Crespi ha capito che gli operai lavorano meglio se sono accuditi anche nel tempo libero e per questo intorno alla fabbrica costruisce per loro case accoglienti, circoli per giocare a carte, posti in cui le donne possono ritrovarsi a cucire, asilo per i più piccoli, scuola fino alla quinta elementare e ospedale.

Il villaggio che Crespi costruisce è quasi un mondo a parte, dotato di tutto ciò che serve agli operai che lavorano in condizioni vivibili, che sono accuditi in tutto e per tutto, che non vengono licenziati se si ammalano. Crespi d’Adda si può definire un’altra realtà rispetto a quella della Seconda Rivoluzione Industriale.

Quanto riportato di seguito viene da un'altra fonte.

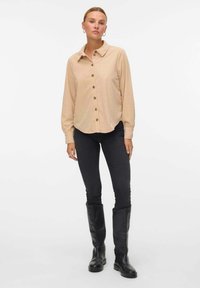 Camicia beige con colletto classico e maniche lunghe, abbinata a jeans neri slim-fit e stivali neri alti fino al ginocchio.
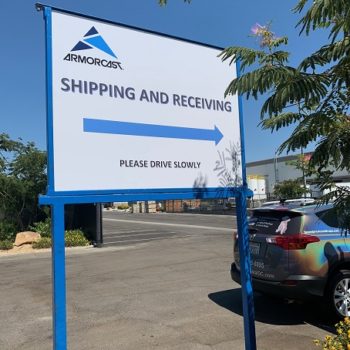 sign by a parking lot for shipping and receiving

Passato un po’ di tempo dalla costruzione del villaggio viene realizzato anche il ponte di Paderno. Questo ponte è completamente in ferro ed è tenuto insieme solo da bulloni, senza neanche una saldatura. Il ponte è stato il primo mezzo di collegamento per le carrozze e il treno costruito sull’Adda tra la sponda lecchese (allora milanese) e quella bergamasca.

Crespi D’Adda e il ponte di Paderno sono solo due delle tante testimonianze e innovazioni che si possono trovare e vedere in Lombardia che parlano della Seconda Rivoluzione Industriale e di ciò che ha portato.